We will never know the true scale of Tom Nook's riches.


----------



## axo (Apr 22, 2020)

bells are supposedly equivalent to yen, so in that case 1 USD = approximately 100 bells

but, like others have said, bells are not a real currency and so it's really hard to say.


----------



## Holla (Apr 22, 2020)

You could possibly use the in game Nintendo Switch to compare, but even then the regular and AC themed one are different prices. Regular is 29,980 bells and the AC one is 35,960 bells.


----------



## LuchaSloth (Apr 22, 2020)

The closest way to do this would probably be with house prices. The final upgrade is for large home with an upstairs, three bedrooms, and a basement. It costs almost 2.5 million bells. Now...this obviously depends on what the housing market is like in your area. But...I would consider that price quite a bit north of what it would cost in real life. All things considered, the New Horizons home would not translate to the biggest house in the world. It's pretty average and would probably come in at about a third of that amount (if not far less that that, depending on your state). Either way...bells are worth a lot less than USD. That's about all I know. Hahaha.


----------



## Nefarious (Apr 22, 2020)

Bells work like yen I believe. Even so, bells is so much easier and faster to make than irl currency so it’s not on the same value.


----------



## Toot (Apr 22, 2020)

The bells go according to the Japanese Yen Currency

$10 USD would be 1000 JPY. iirc this is what it is based off of if not loosely.


----------



## meggiewes (Apr 22, 2020)

This looks like a job for Matt Patt at Game Theory! It would be interesting to see what a single bell would be the equivalent in USD.

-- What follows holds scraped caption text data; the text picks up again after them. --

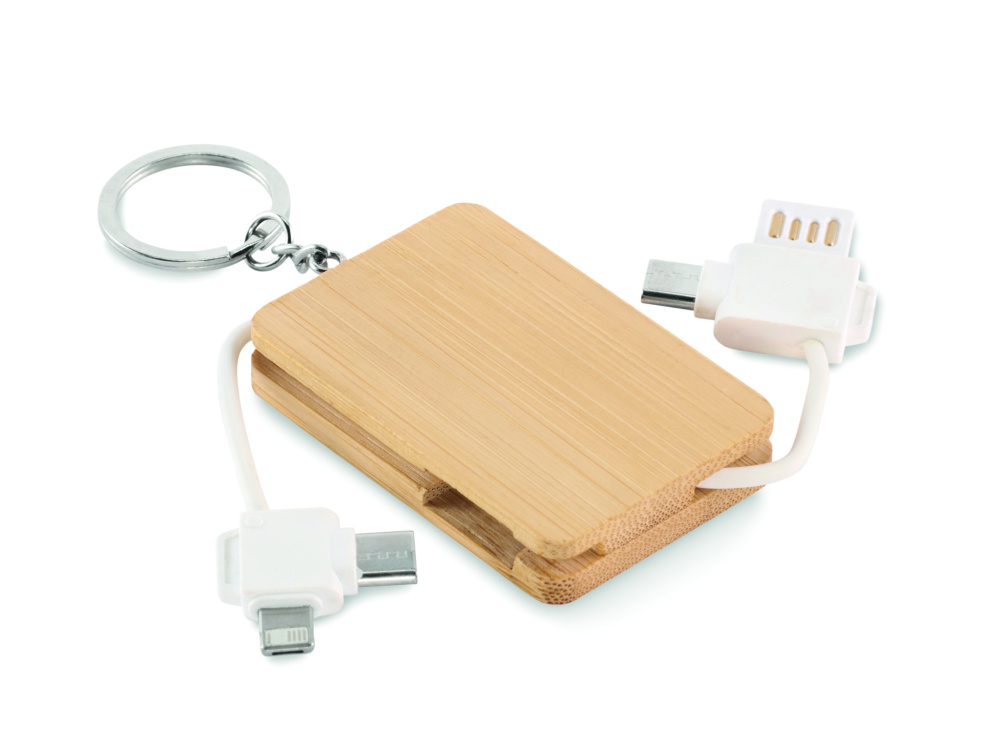 Logotrade promotional gift image of: Key ring charging cable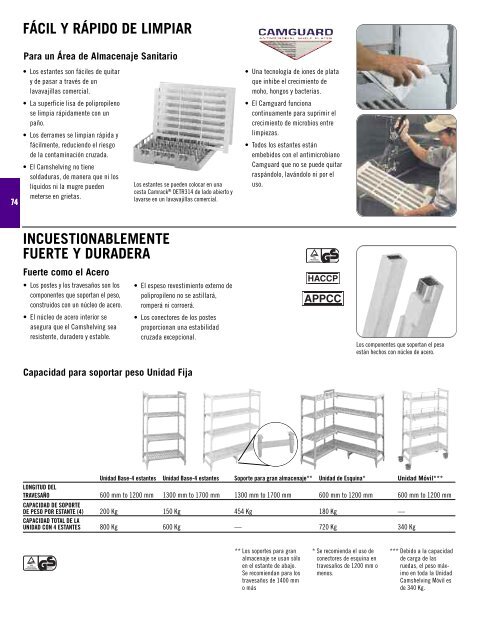 bandejas de compartimentos - AJ Link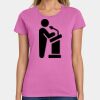 Ladies Heavy Cotton 100% Cotton T Shirt Thumbnail
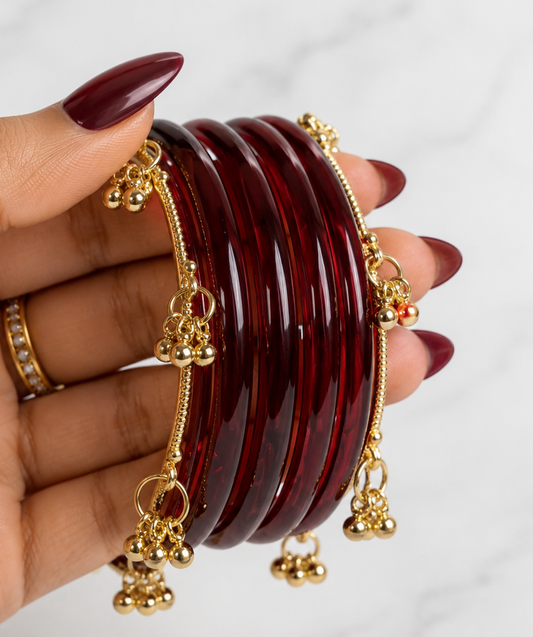 Noor Glossy Bangle Set
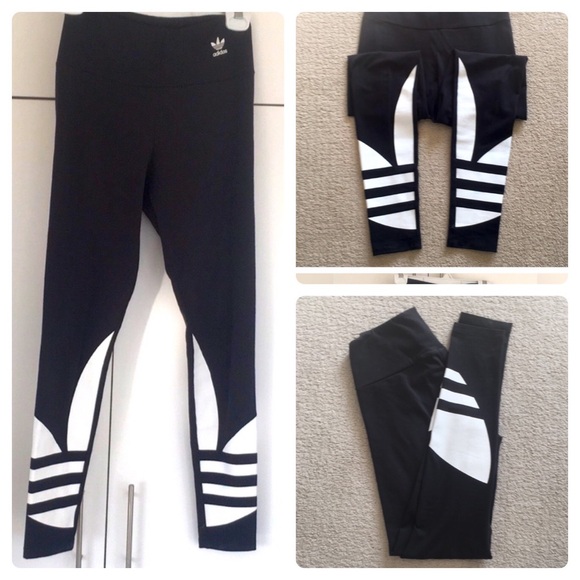 adidas Pants - Adidas Originals Large Logo Leggings - Join the Rebel Movement!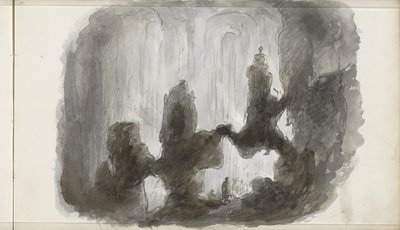 Stalactite Cave by Petrus Johannes Schotel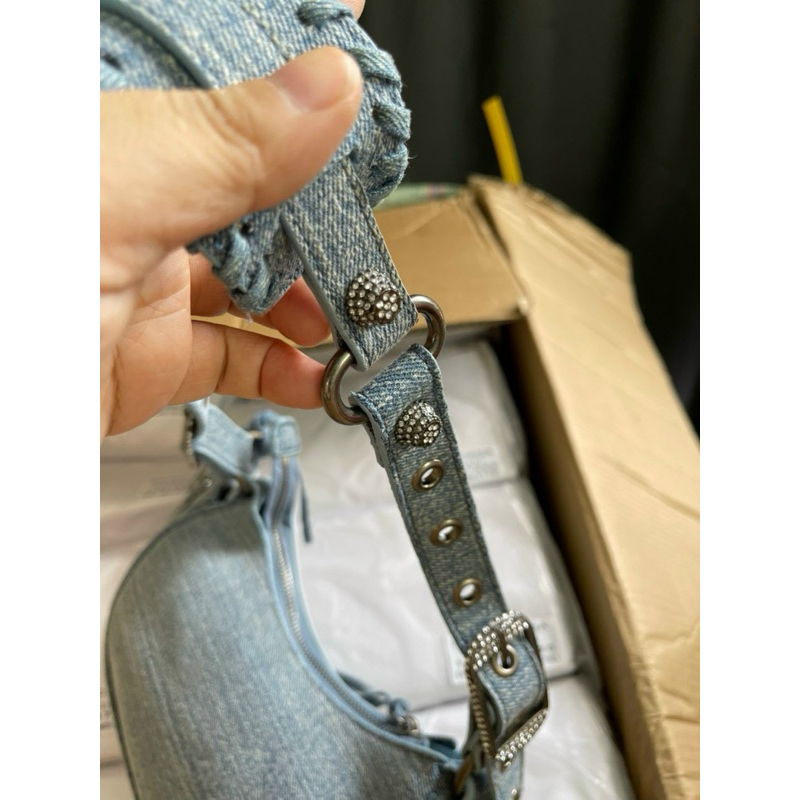 Túi xách balen đính đá bản súp víp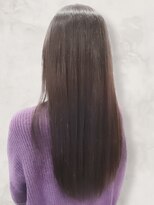 ヴィラ 雲雀丘花屋敷店(Villa) ワイドバング韓国ミディアムストレートスタイル前髪大人美人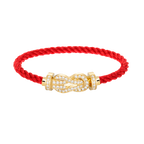 [LUXE JEWELRY]CHANCE LARGE 8 FIGURE BUCKLE FULLDIAMOND BRACELET GOLD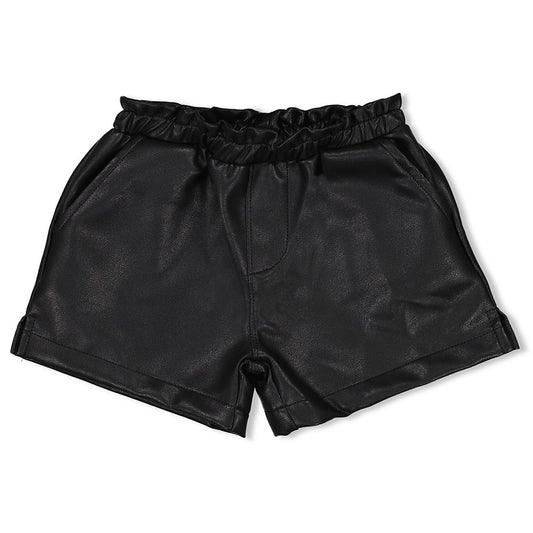 Jubel: Forest fancy: short lederlook black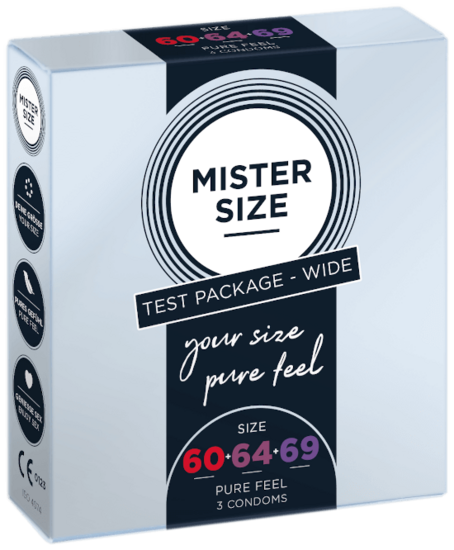 MISTER SIZE Wide Test Set 60-64-69 (3 Kondomer)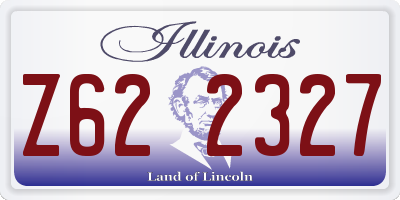 IL license plate Z622327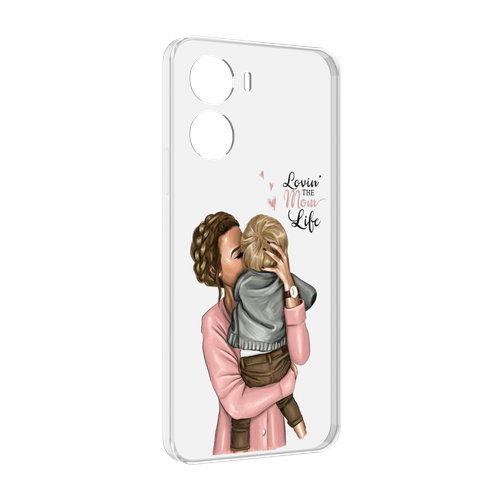 Чехол MyPads Любовь-мамы детский для Vivo Y56 5G задняя-панель-накладка-бампер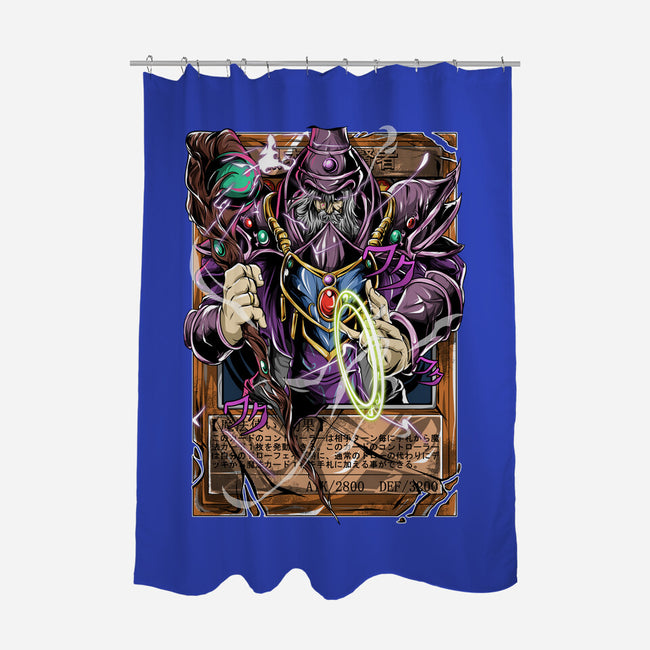 The Dark Magician-none polyester shower curtain-Guilherme magno de oliveira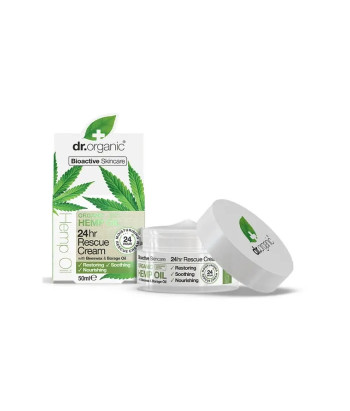 Crème de Sauvetage à l'Huile de Chanvre Dr. Organic 50ml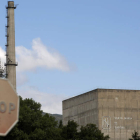 Vista del reactor de la central nuclear de Santa María de Garoña que se cierra. DAVID AGUILAR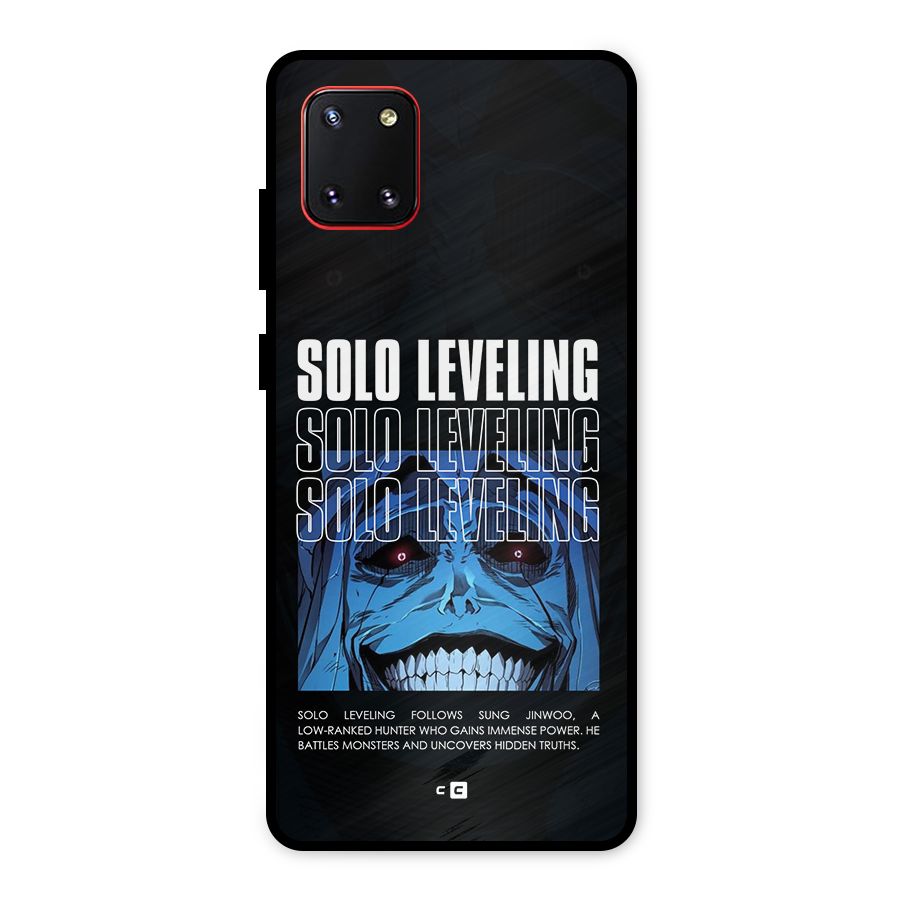 Solo Leveling Typo Metal Back Case for Galaxy Note 10 Lite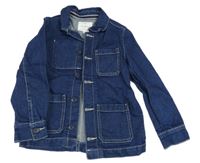 Tmavomodrá riflová bunda s límečkem JASPER CONRAN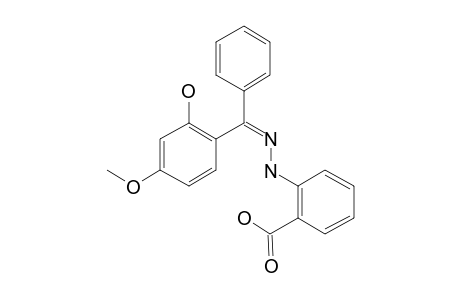 Benzophenone, 2-hydroxy-4-methoxy-, (2-carboxyphenyl)hydrazone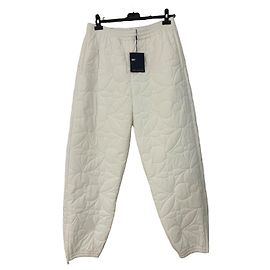 Pantaloni trapuntati Louis Vuitton Bianco
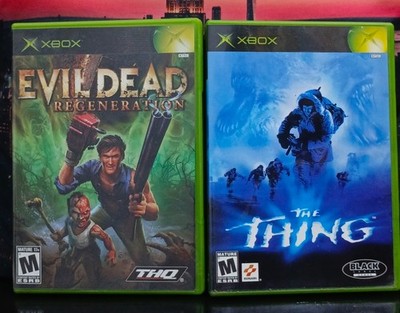 Evil Dead: Regeneration (Microsoft Xbox, 2005) & THE THING, discs clean, all CIB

 But (and I can't believe I have to say this), please don't let yourself get ripped off by trying to buy bells or a villager off of Ebay or something.


----------



## fallenchaoskitten (Apr 22, 2020)

Holla said:


> You could possibly use the in game Nintendo Switch to compare, but even then the regular and AC themed one are different prices. Regular is 29,980 bells and the AC one is 35,960 bells.


Which... math basically checks out.

1 bell = 1 yen
100 yen = roughly $1 USD
10,000 yen = roughly $100 USD

Regular switch is just around $300 & the AC Switch is 300 US but does not include the cost of game, 60.
Many regions outside of USA included digital game on system (europe and I think JP) so makes since then it being almost $360.


----------